After months of debate, the school board twice rejected adopting a new curriculum for 1st through 5th graders prepared by Teachers Curriculum Institute, one of four approved by the state and compliant with the FAIR Act, a 2011 law requiring California schools to include the history of underrepresented racial, ethnic, and cultural populations in K-12 materials.

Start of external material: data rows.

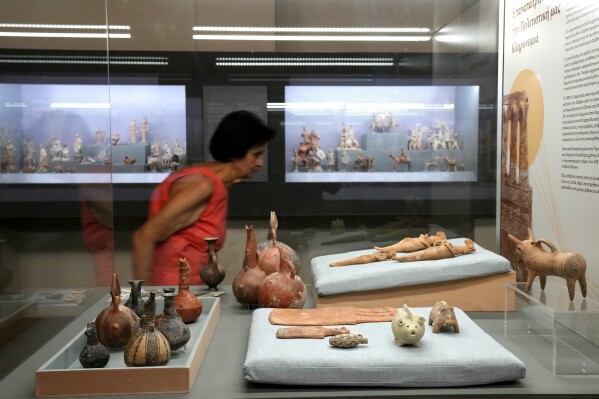 A woman passes behind antiquities repatriated from Germany and put on display at the Archeological museum, in capital Nicosia, Cyprus, Monday, July 22, 2024. The returned artifacts numbering around 60, including jewelry from the Chalcolithic Period dating between 3500-1500 BC, Bronze Age bird-shaped idols, jars and spearheads as well as many Orthodox Christian icons were part of a larger haul of 250 antiquities that German authorities had seized from Turkish art dealer Aydin Dikmen in 1997. (ĢӰԺ Photo/Petros Karadjias)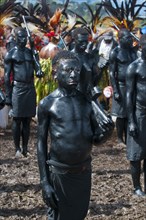 Members of a tribe covered in black paint at the traditional sing-sing gathering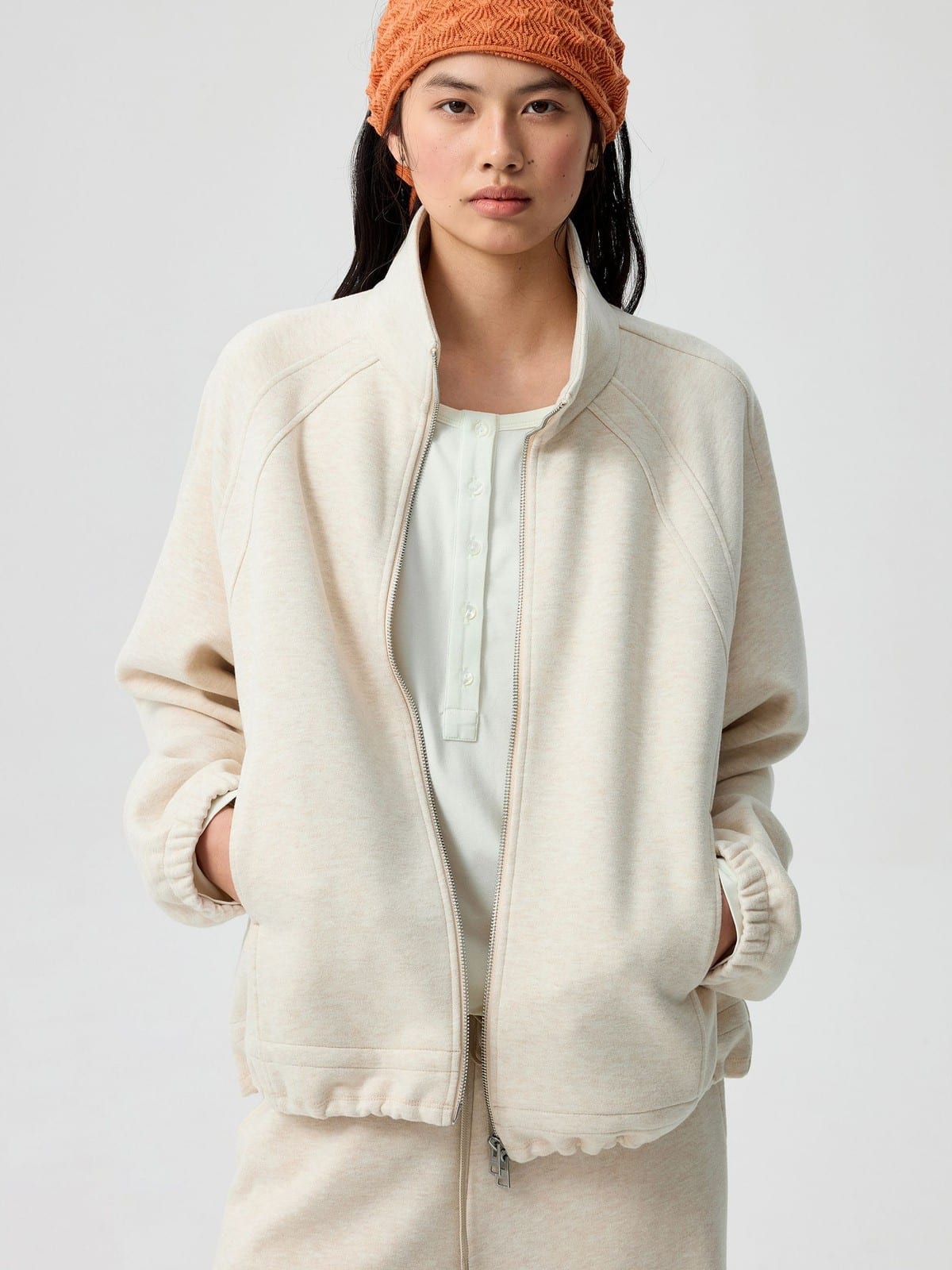 SIMPLE PROJECT Ruffled Adjustable Collar Zip Hoodie in Beige - On Female Model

The school board’s majority claimed that while they did not want to exclude LGBTQ history from all of K-12, including LGBTQ history in 1st through 5th-grade social studies classes as the TCI materials do would require having to explain sex and gender at an “inappropriate” age.
Last week, after yet another vote by the school board to reject the TCI curriculum, Governor Newsom announced plans to fine Temecula Valley Unified $1.5 million and ship the rejected textbooks to the school district so students would have access to the new learning materials by the start of the school year.
In response, Board President Joseph Komrosky acknowledged the risk of potential consequences as a major driving factor behind the 4-0 vote at the following emergency meeting, a sharp contrast to the previous 3-2 votes to reject the curriculum in May and earlier last week.
“We have a fiscal responsibility so that I cannot steer this district into more legalities,” Komrosky said.
Under the unanimous compromise agreement, the school board adopted the TCI materials while pulling a fourth-grade lesson on LGBTQ history for review and possible revision. With an ongoing civil rights inquiry into the school district, state leaders may believe this may be too little, too late.
“This has never been about parents’ rights. It’s not even about Harvey Milk – who appears nowhere in the textbook students receive. This is about extremists’ desire to control information and censor the materials used to teach our children,” said Newsom in a written statement. “Hate doesn’t belong in our classrooms and because of the board majority’s antics, Temecula has a civil rights investigation to answer for.”